Den Circuit Marco Simoncelli in Misano (I) mag Dominique Aegerter (Yamaha). 2021 hatte er hier in der Supersport-WM zweimal gewonnen. Im MotoE-Weltcup hatte er hier sein ominöses Ausbremsmanöver in der drittletzten Kurve platziert, wobei sein Konkurrent gestürzt war und wofür Aegerter von der FIM hart bestraft wurde. Doch das ist Geschichte und dieses Jahr schreibt Aegerter eine neue Geschichte.
Nach fünf Siegen reiste der 31-jährige Schweizer mit einem Vorsprung von 44 Punkten auf den Italiener Lorenzo Baldassari (Yamaha) zu dessen Heimrennen nach Misano.

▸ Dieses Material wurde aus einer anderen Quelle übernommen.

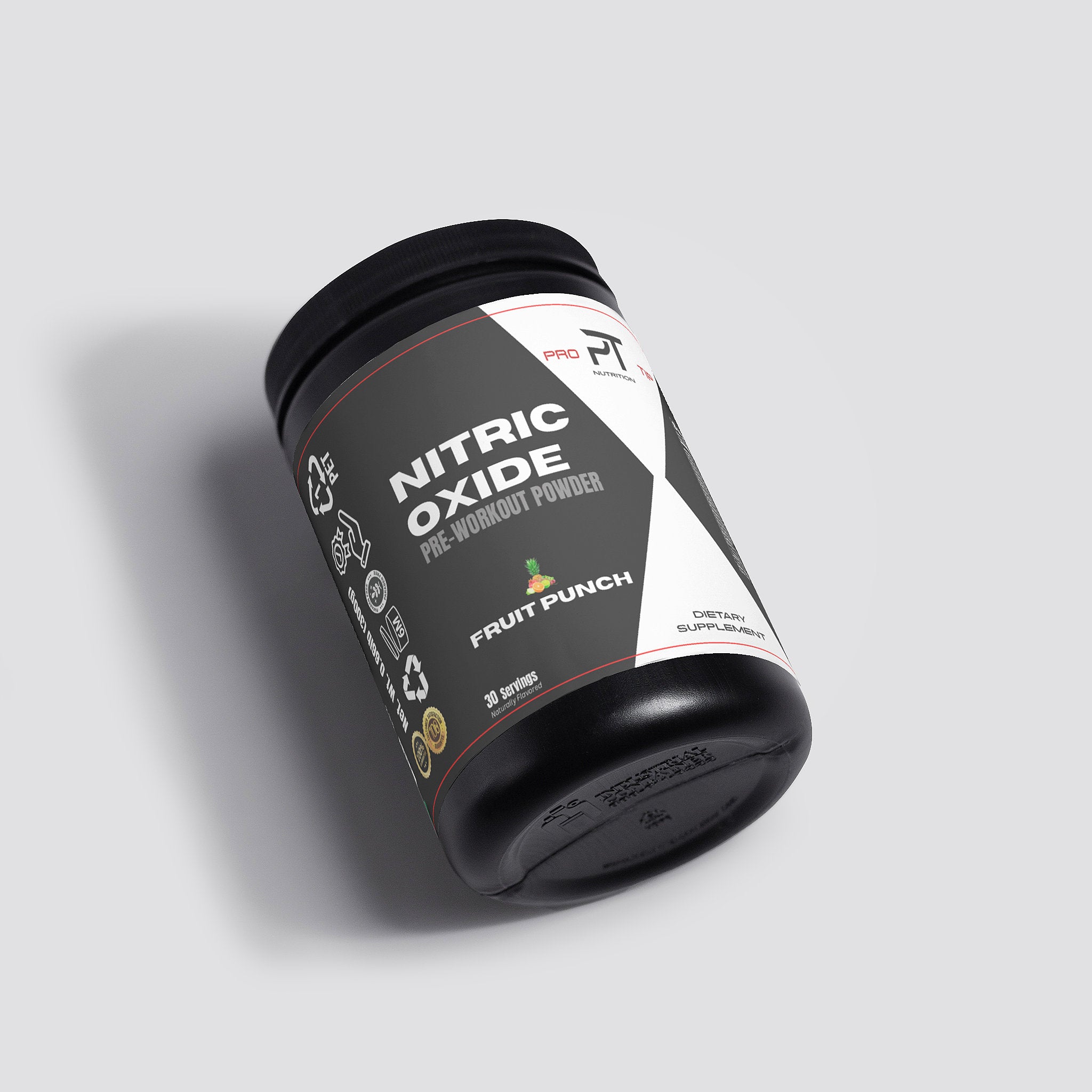 Pro Tip Nitric Oxide | Pre-Workout Powder | Fruit Punch | 30 Servings - Pro Tip Nutritional Supplements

Harte Arbeit im Führungskampf
Nachdem sich Weltmeister Aegerter in den Trainings vom Freitag noch mit Rang 3 begnügen musste, zeigte er am Samstag in der Superpole mit einem neuen Streckenrekord und klarem Vorsprung auf Nicolo Bulega (Ducati) und Baldassari, wen es hier zu schlagen galt.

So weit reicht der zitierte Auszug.